Task to complete:
Copy exactly the lines that run from the top of the listing to the line containing "A multi-story building", both ends included, and omit the pictures.

• • • • • • •

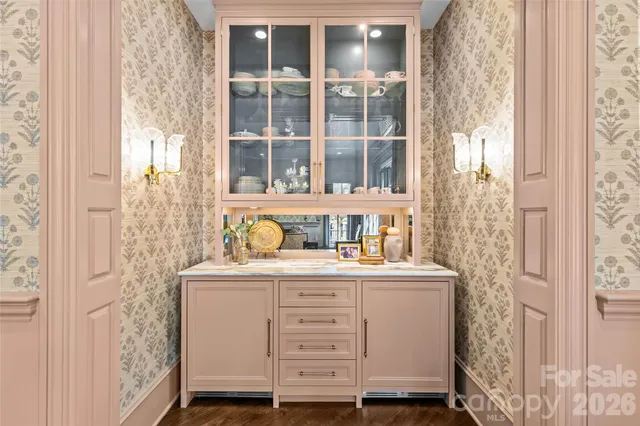 a room with cabinets and a wooden door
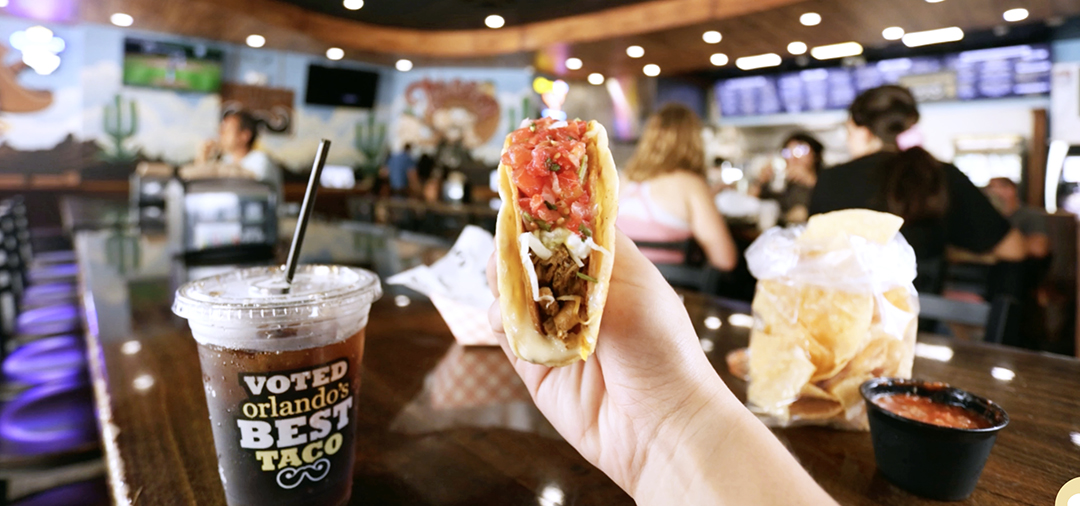 A hand holing a taco in a restaurant with people in the background.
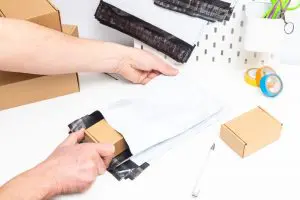 Person packs polymailer bubble packaging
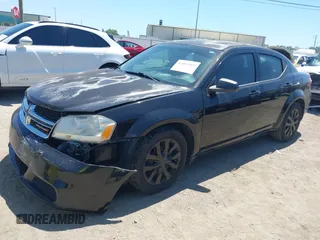 2014 Dodge Avenger SE with VIN 1C3CDZAB1EN133550, listed as a IAAI auction lot 42033001 with 137,592 mi miles. Bid and sale history available at carsss.com. Image 17.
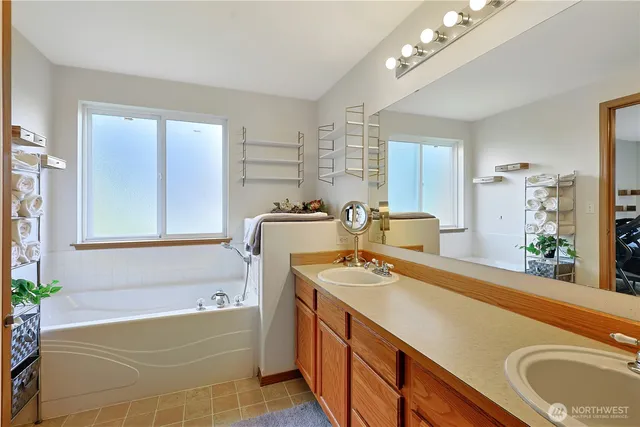 a bath room with a sink tub and a mirror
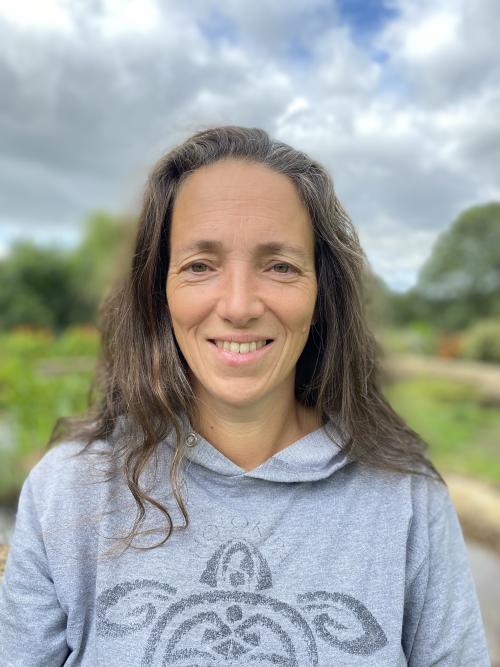 A portrait photo of a woman with shoulder length, brown hair. She is facing forwards and wearing a grey hoodie. There is a green field in the background with a few trees around the edges. There are white clouds in the sky.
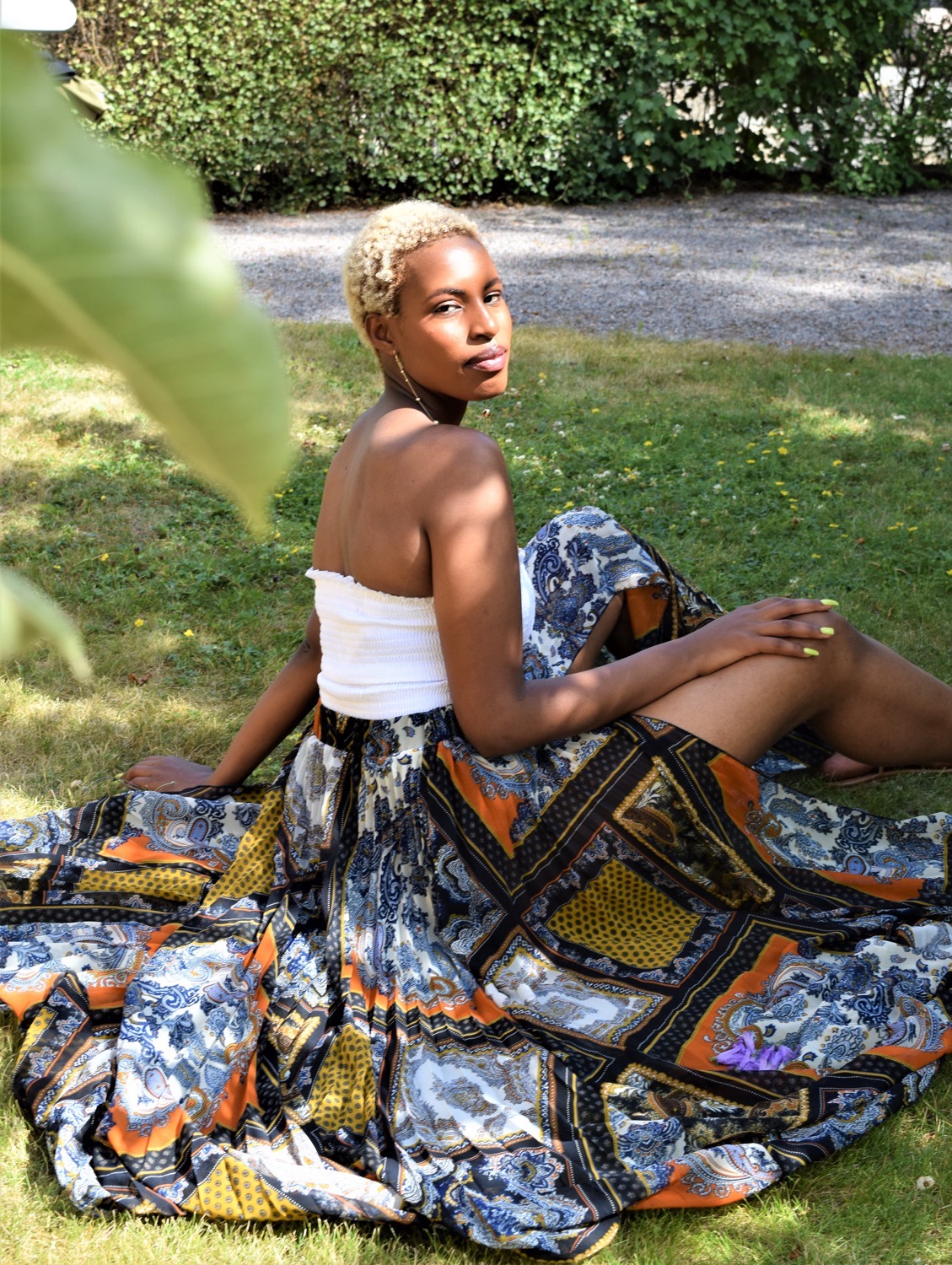 A girl sitting on the grass while posing for the camera.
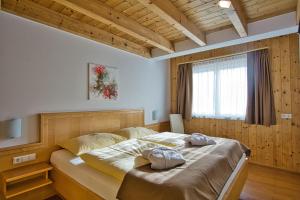 Postel nebo postele na pokoji v ubytování Apartment Dahoam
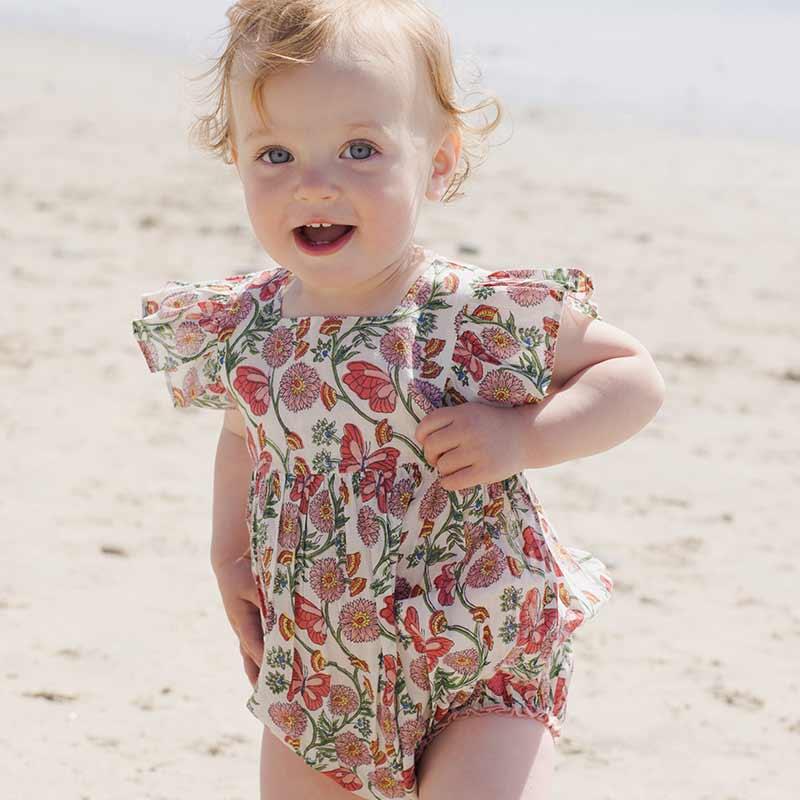 baby modeling the butterfly vines bubble with ruffles at the shoulder and snaps at the bottom of the bubble. 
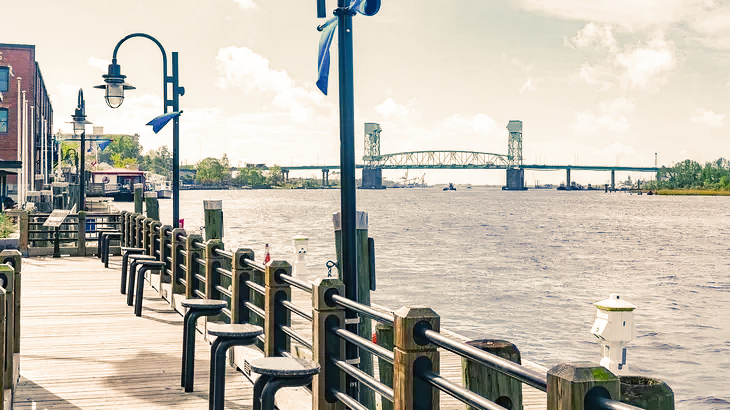 Waterfront walkway with benches, lampposts, and a bridge in the distance.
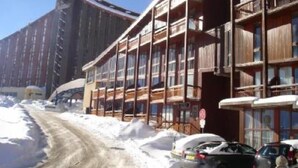 A multi-story building with balconies, a ski lift in the background, and a snow-covered ground. - Apartment/ flat - LES ARCS 2000 (Bourg-Saint-Maurice)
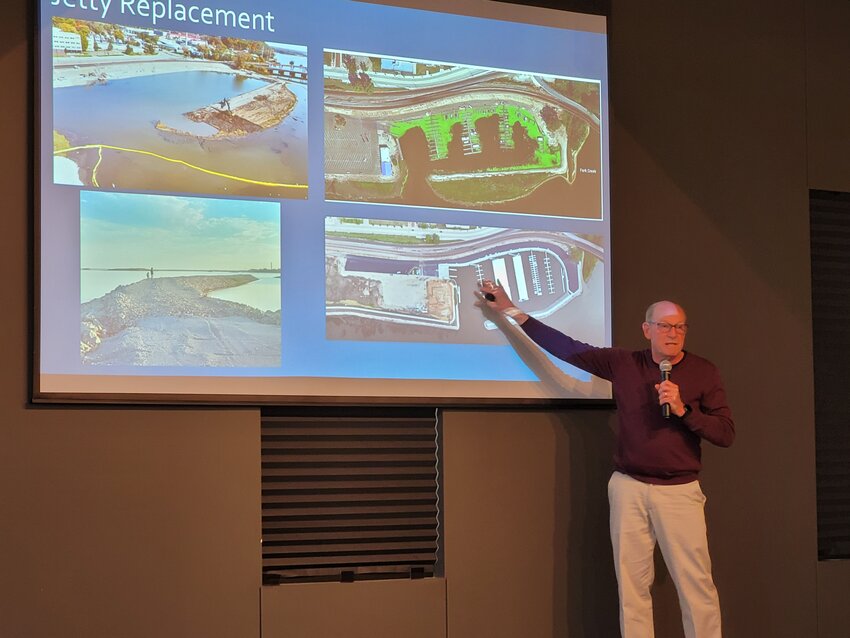 Fort Madison Mayor Matt Mohrfeld points to some before and after photos of the Fort Madison marina with the new facility open for business.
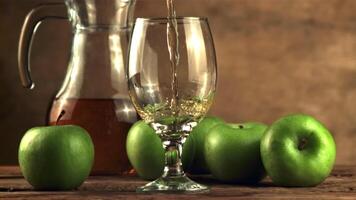 Super slow motion in the glass pours apple juice whirlpool. On a brown background. Filmed on a high-speed camera at 1000 fps. video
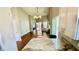Open floorplan showcasing the kitchen and living room's hardwood floors and natural light at 1972 Brittania Cir, Woodstock, GA 30188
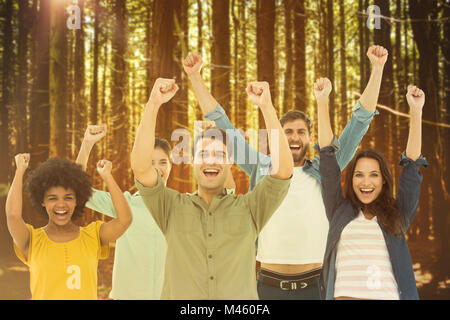 Composite image of young creative business people gesturing arm up Stock Photo
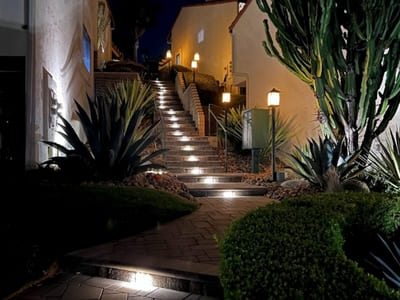 Illuminated outdoor staircase with built-in step lights, surrounded by lush desert landscaping, enhancing safety and aesthetics in a residential setting.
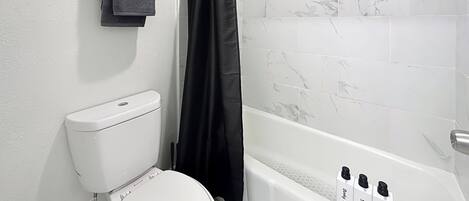 Une salle de bain avec des toilettes, une douche avec un rideau noir et un ventilateur fixé au mur.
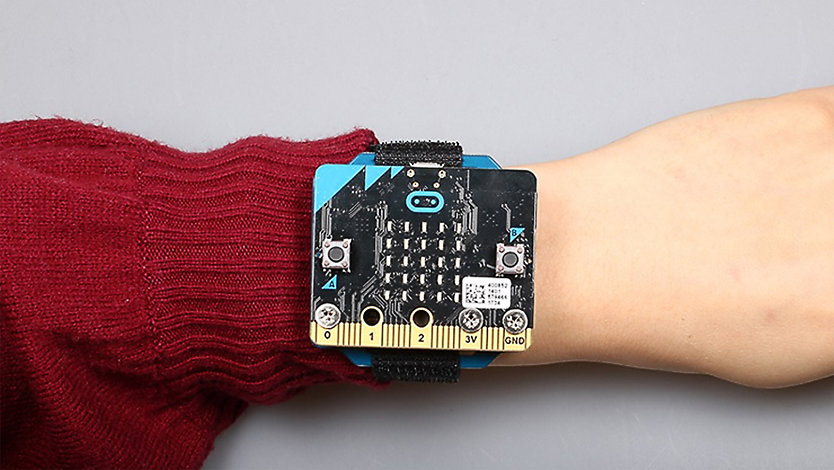 ベルト付きバングルで人の手首に装着された Micro:bit。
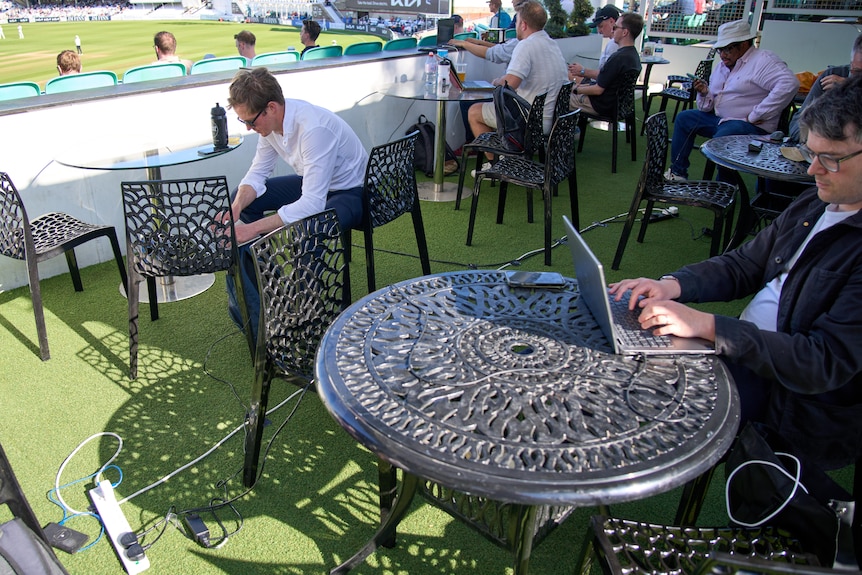 Men at laptops in an outdoor working area at a cricket ground.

• • • • • • •

Answer to this exercise:
 a room with cabinets and a wooden door
 A hand holing a taco in a restaurant with people in the background.
 Person packs polymailer bubble packaging
 2014 Dodge Avenger SE with VIN 1C3CDZAB1EN133550, listed as a IAAI auction lot 42033001 with 137,592 mi miles. Bid and sale history available at carsss.com. Image 17.
 a bath room with a sink tub and a mirror
 A portrait photo of a woman with shoulder length, brown hair. She is facing forwards and wearing a grey hoodie. There is a green field in the background with a few trees around the edges. There are white clouds in the sky.
 A girl sitting on the grass while posing for the camera.
 Postel nebo postele na pokoji v ubytování Apartment Dahoam
 baby modeling the butterfly vines bubble with ruffles at the shoulder and snaps at the bottom of the bubble. 
 Waterfront walkway with benches, lampposts, and a bridge in the distance.
 A multi-story building with balconies, a ski lift in the background, and a snow-covered ground. - Apartment/ flat - LES ARCS 2000 (Bourg-Saint-Maurice)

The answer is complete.